§ **Data section**
--------

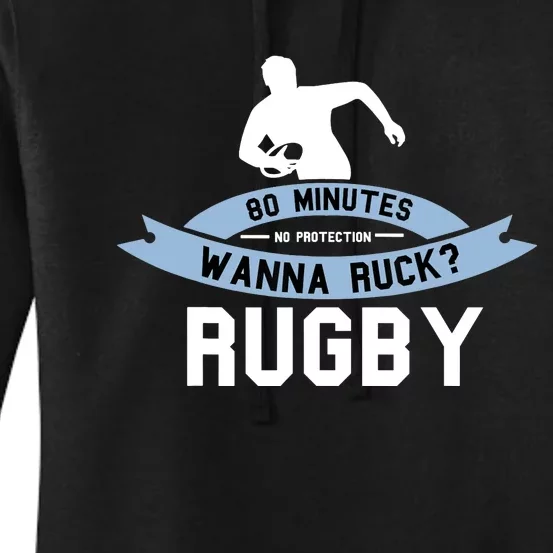 Rugby Player Funny Rugger Women's Pullover Hoodie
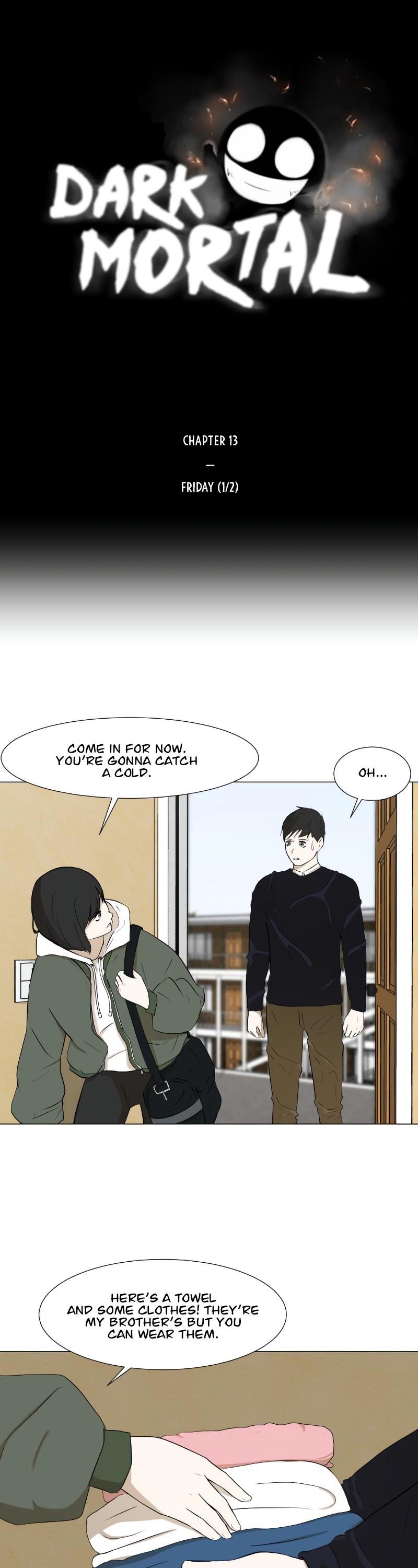 Dark Mortal Chapter 13 page 2 - Chapter 13: Friday (1/2)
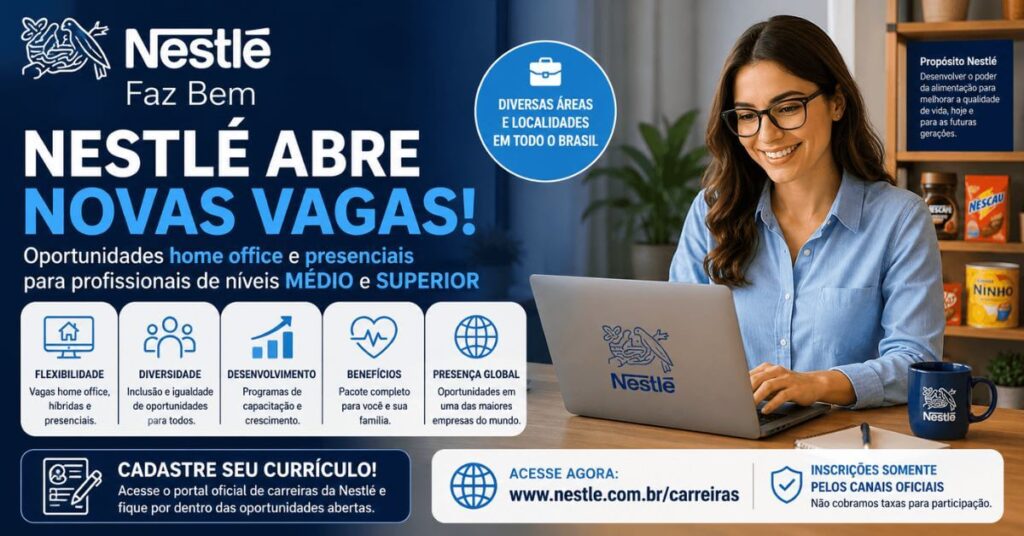 vagas nestlé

--------

§ **Exercise requirements**
Write out the data in full and exactly as given, though without the images.

§ **Completed task**
 Rugby Player Funny Rugger Women's Pullover Hoodie
 Dark Mortal Chapter 13 page 2 - Chapter 13: Friday (1/2)
 vagas nestlé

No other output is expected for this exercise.